Je suis née en Belgique: c’est là que mes parents se sont connus. Mon papa, un restaurateur, était d’origine marocaine; ma maman, une institutrice, était d’origine espagnole, mais on parlait le plus souvent français à la maison. Je me suis toujours sentie intégrée à la culture belge.

Devenir actrice est un désir que j’ai éprouvé dès l’école primaire. Je suivais tous les cours de théâtre et, dans les spectacles de fin d’année, je me battais pour avoir les premiers rôles. J’avais un côté clownesque. J’avais besoin de montrer que j’existais, que j’étais drôle.

Ma mère espérait que je devienne vétérinaire ou avocate. J’ai fait le conservatoire de théâtre un peu en cachette, en lui faisant croire que j’étais inscrite aux études supérieures en littérature française. Dès ma deuxième année, j’ai été engagée pour jouer dans mon premier long métrage, Les siestes Grenadine, ce qui m’obligeait à passer deux mois en Tunisie. Je n’avais plus le choix de dire la vérité…

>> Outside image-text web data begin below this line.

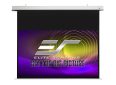 Elite Screens projector screen with vibrant display and easy installation.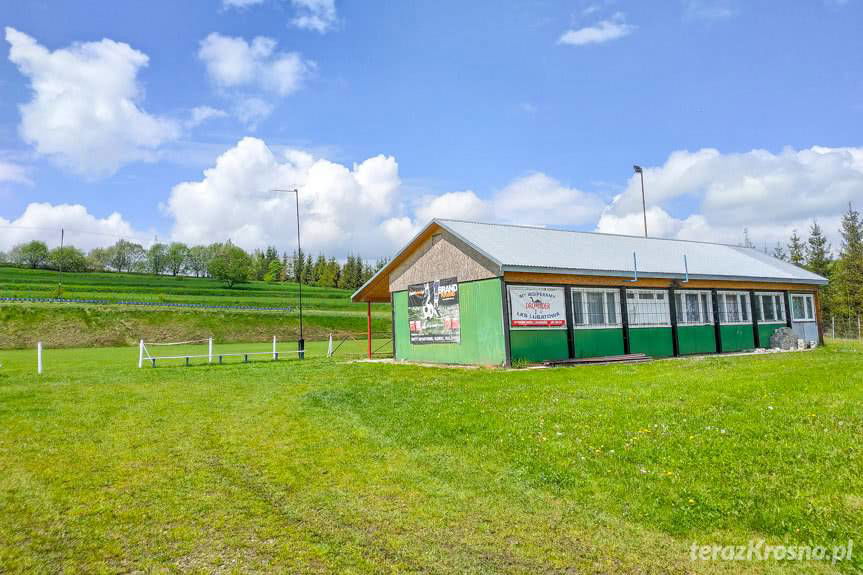 Co dalej z piłką nożną w Lubatowej?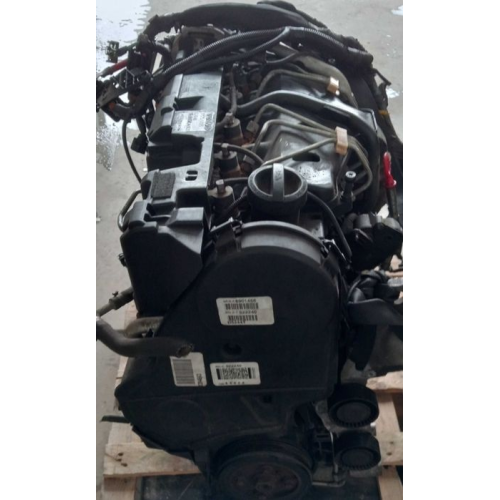 Двигун D5244T Volvo XC90 2.4D 2002 2.4 л дизель. Двигун D5244T Volvo XC90 2.4D 2002 2.4 л дизель.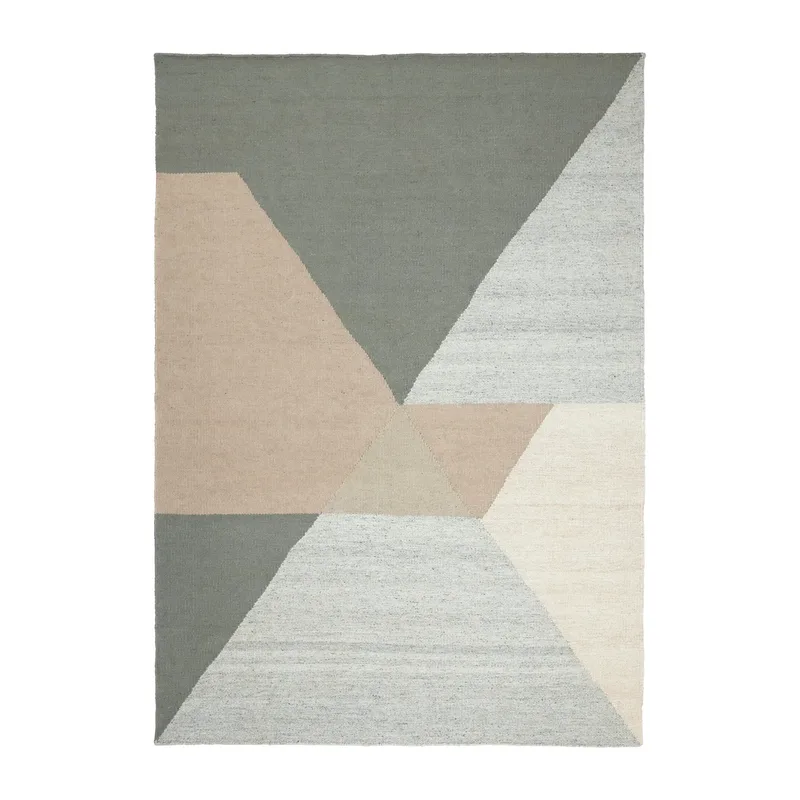 Snefrid Teppich Cactus, 170 x 240cm von Linie Design – Produktfoto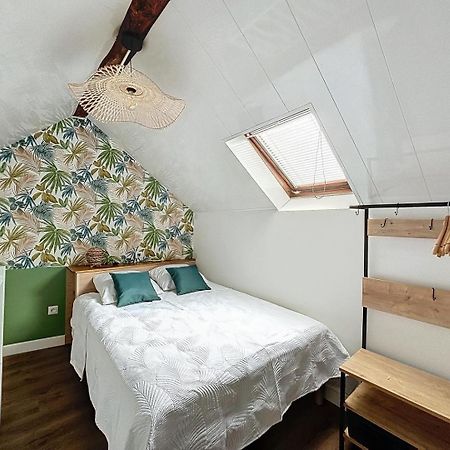 Duplex Centre Ville Мо Екстериор снимка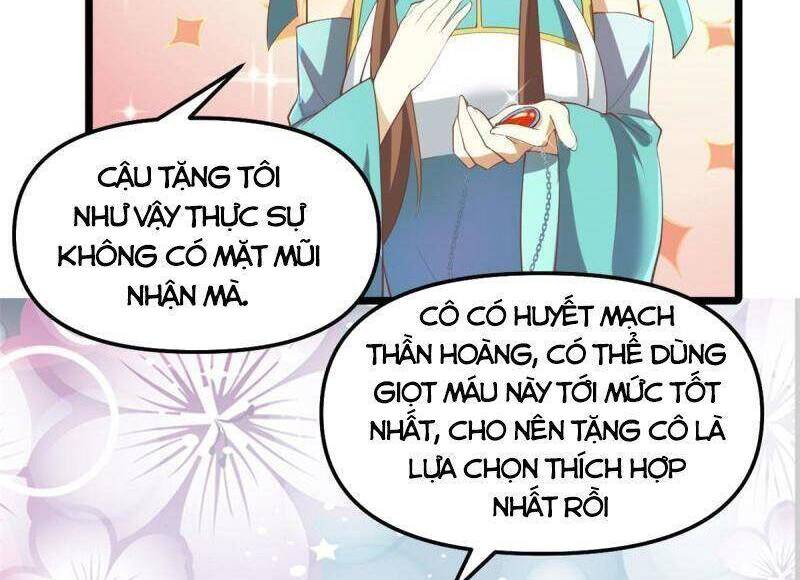 Ta Tu Có Lẽ Là Giả Tiên Chap 262 - Next Chap 263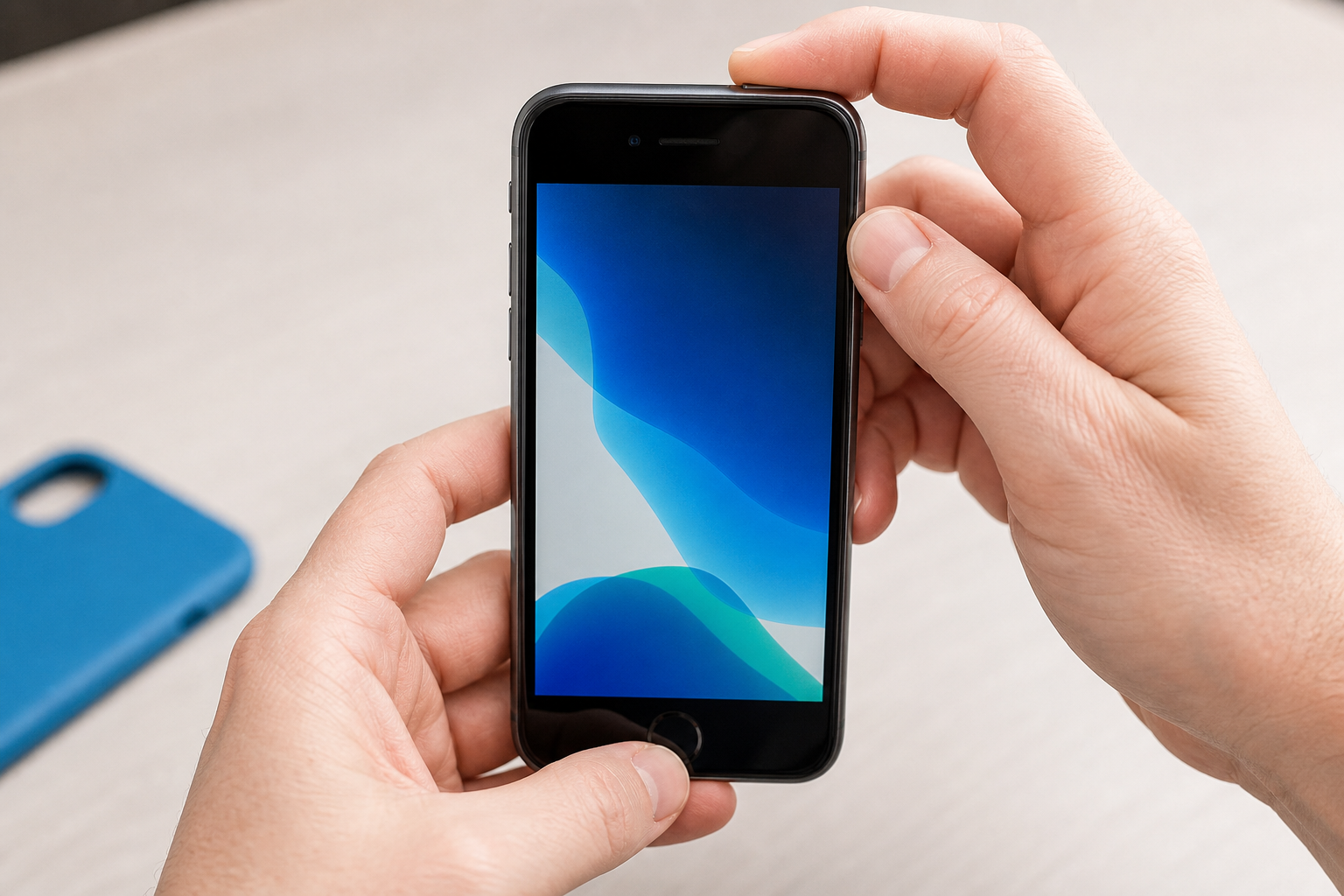 Screenshot maken op je iPhone? Zo doe je dat!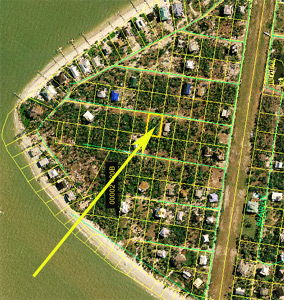 captiva island building lots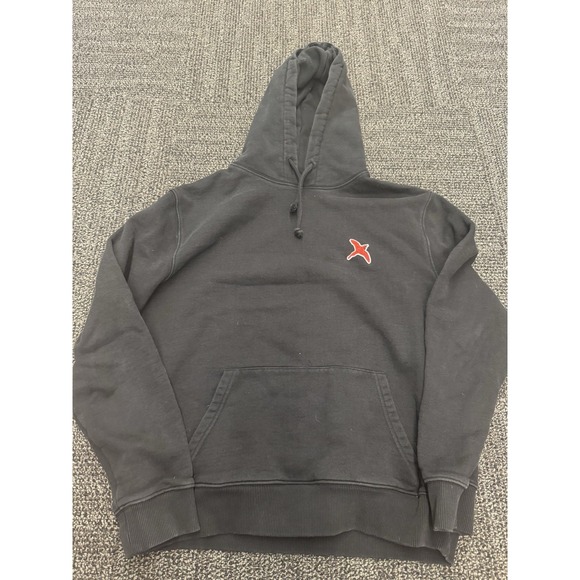 Axel Arigato Men's Heavy Cotton Hoodie Pullover Size M - Picture 1 of 10
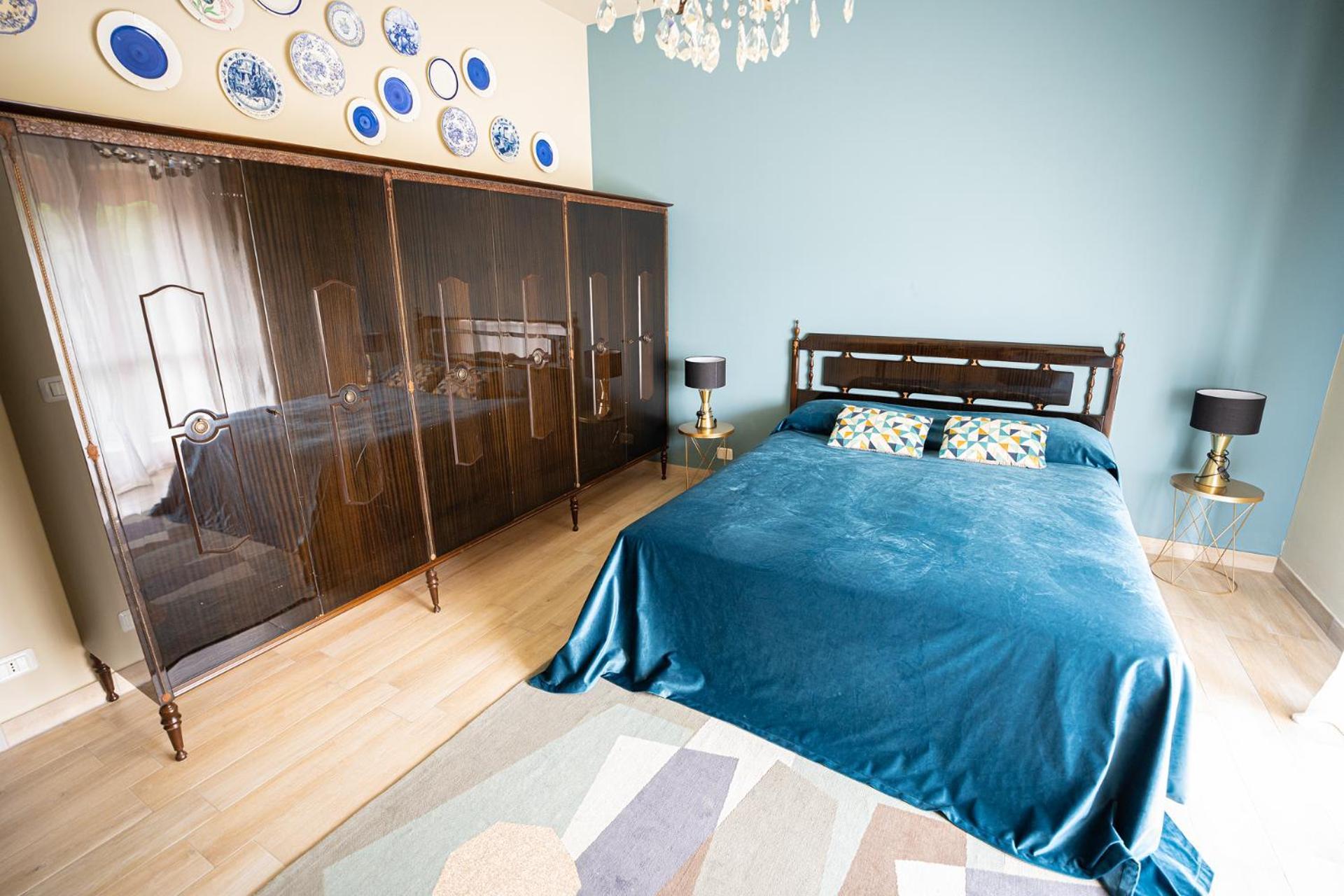 Bed and Breakfast Ca'Du Lin - Jacuzzi Cisterna d'Asti Экстерьер фото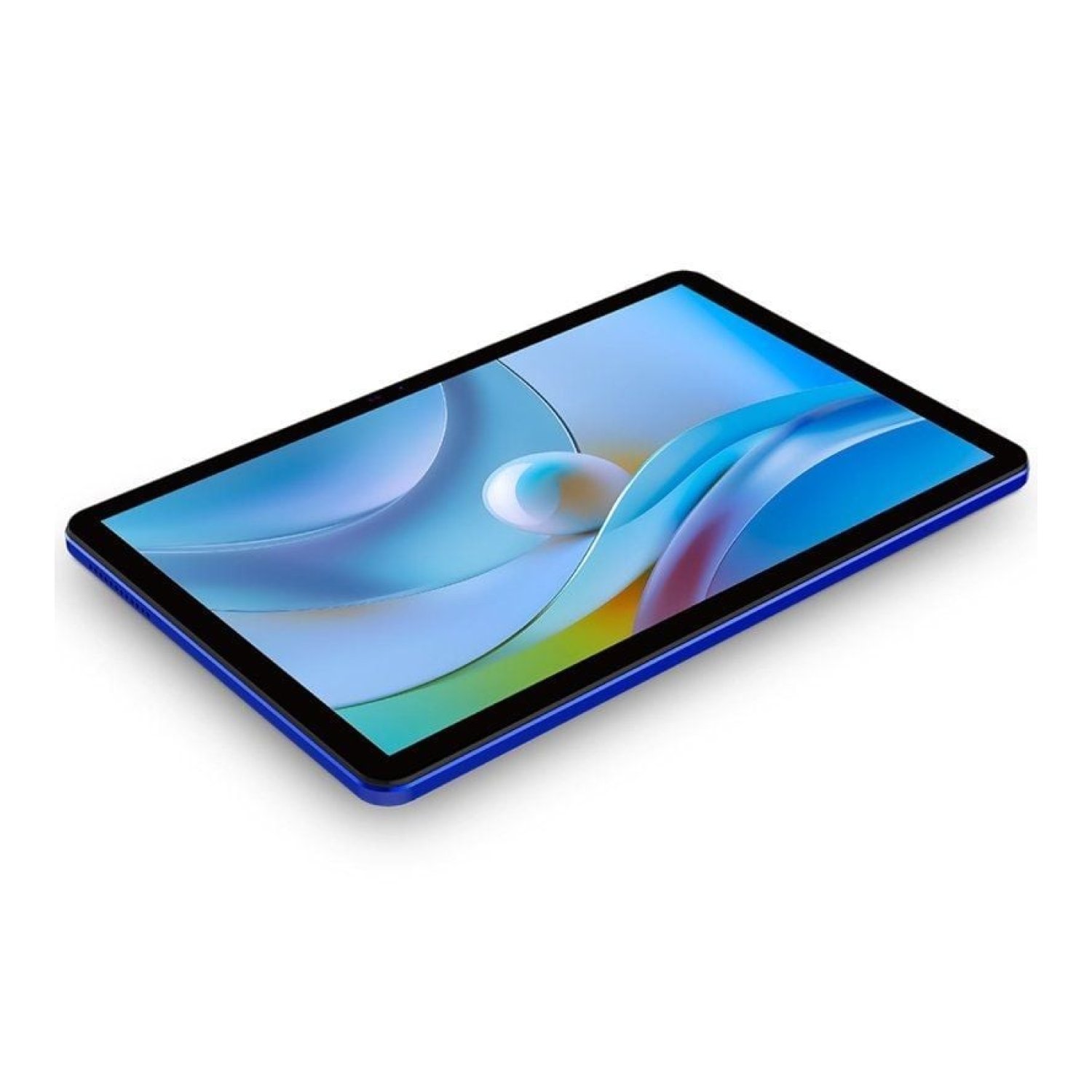 SPC Gravity 11" · 4GB RAM · 128GB · Octacore · Aluminio Azul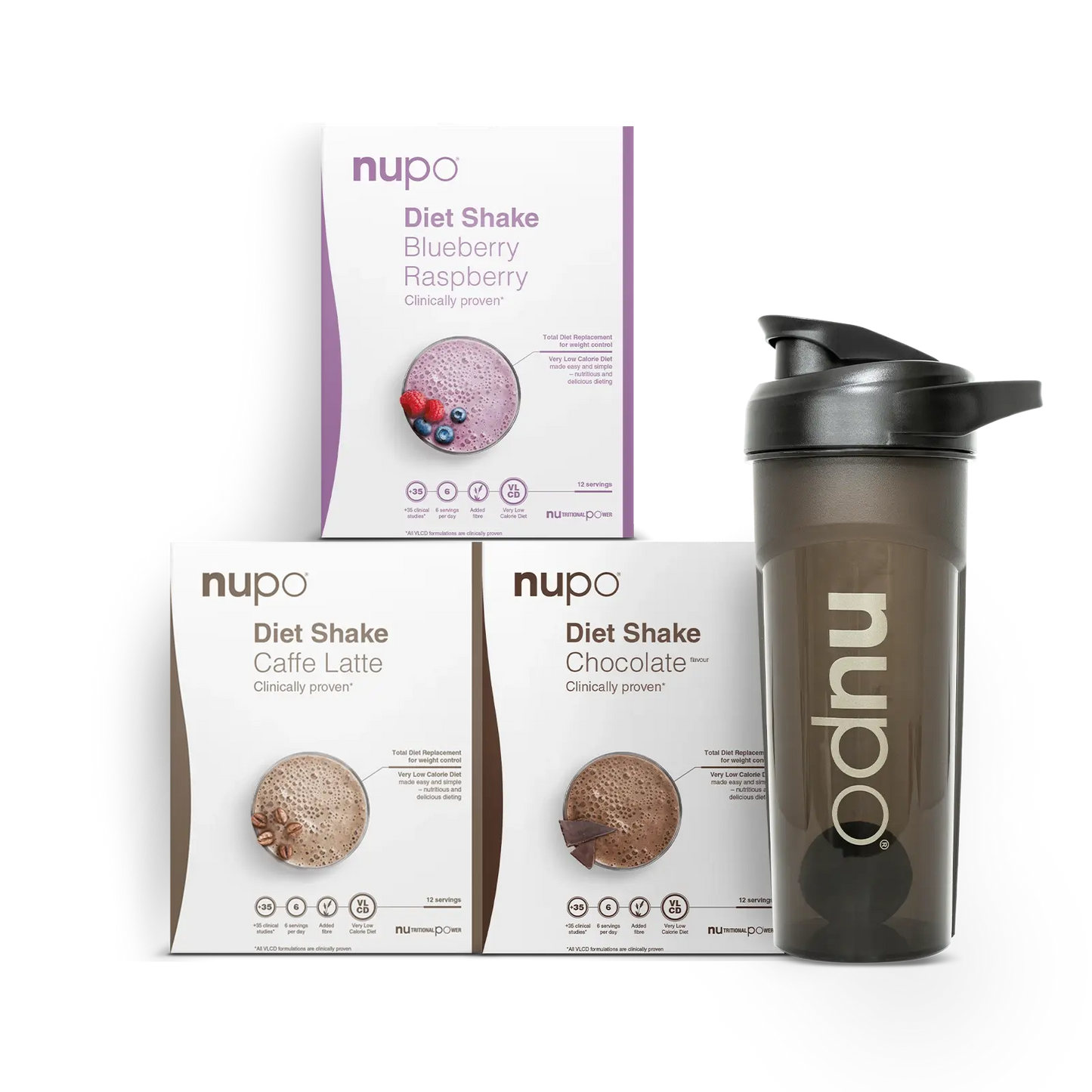 Bestseller Mix Bundle
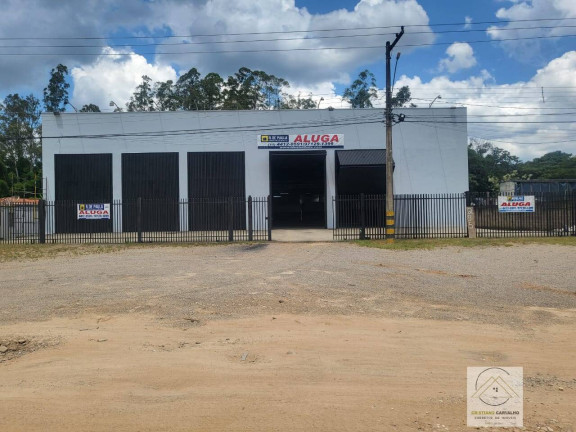 Galpão à Venda, 3.500 m² em Portão - Atibaia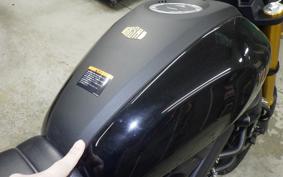 YAMAHA XSR125 2024 RE46J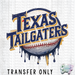 HT4590 • TAILGATERS DRIP-Country Gone Crazy-Country Gone Crazy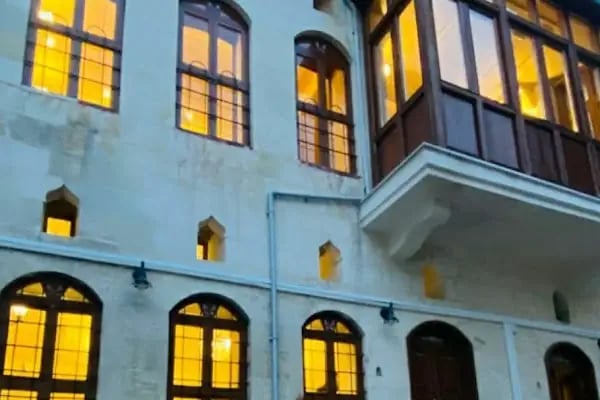 Omaç Gaziantep Mutfağı - Resim 5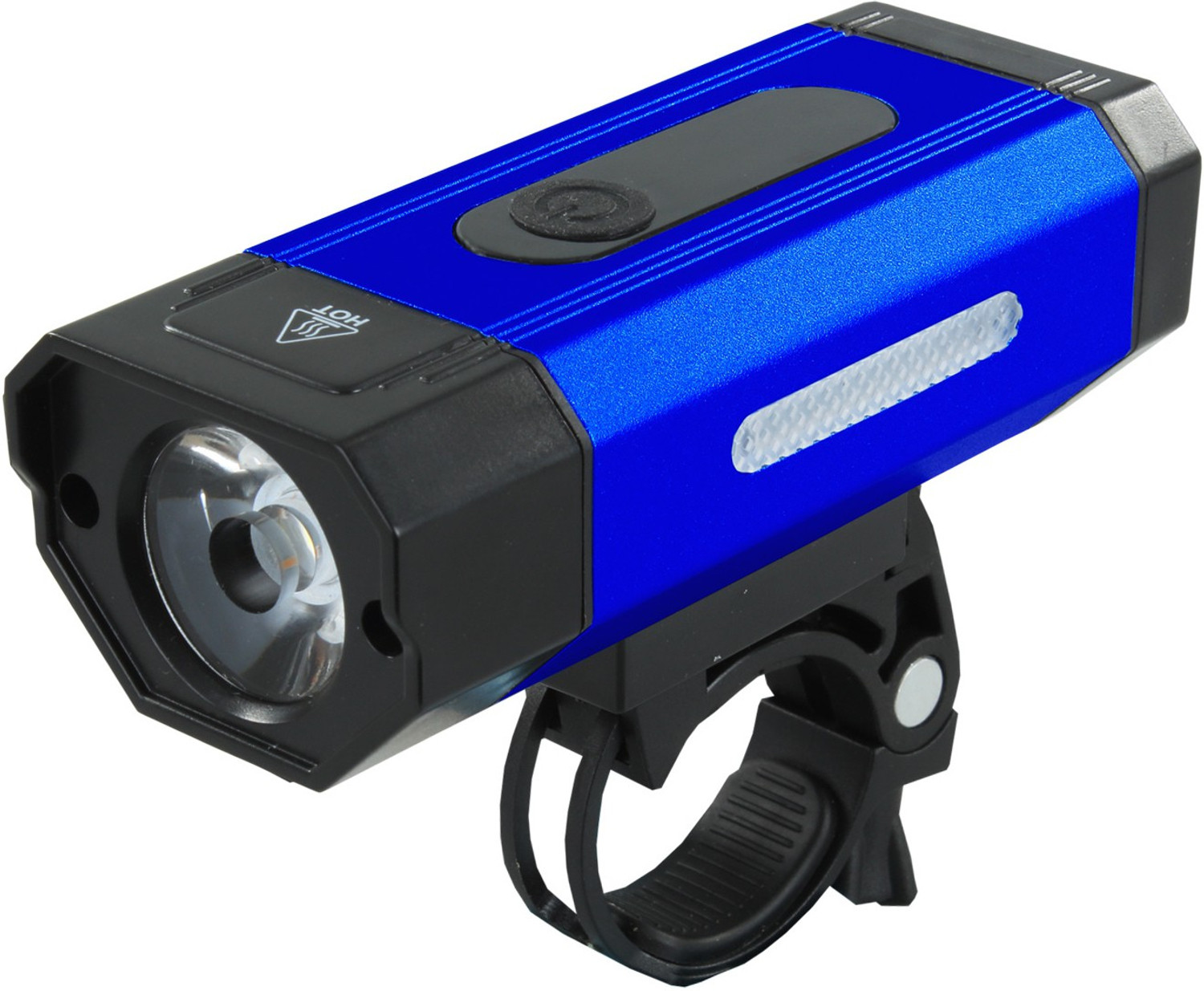 Image of SHIVEXIM NEW LED Bike Light Bicycle Waterproof Super Brightest 800 lm Rechargeable Battery LED Front Light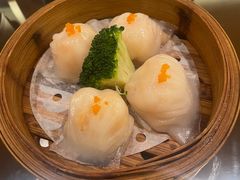 -广州中心皇冠假日酒店·百粤楼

 Le choix le plus important que j’ai fait dans ma vie professionnelle, c’est de quitter Bruxelles pour Paris. Je suis partie sur un coup de tête. J’avais à peine 22 ans, je n’avais pas un rond, j’étais toute seule. Je n’étais pas du tout connue en France. Je venais de jouer sous la direction d’André Téchiné, mais le film n’était pas encore sorti. J’ai reçu une sale gifle. Ma naïveté m’a servie: au final, j’ai beaucoup appris. Je suis sortie de cette expérience grandie.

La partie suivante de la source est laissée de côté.